Assigned task: Set down every line below, word for word.

Provided material:
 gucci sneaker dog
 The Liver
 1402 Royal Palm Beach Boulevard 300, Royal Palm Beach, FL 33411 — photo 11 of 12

Exercise solution:
 gucci sneaker dog
 The Liver
 1402 Royal Palm Beach Boulevard 300, Royal Palm Beach, FL 33411 — photo 11 of 12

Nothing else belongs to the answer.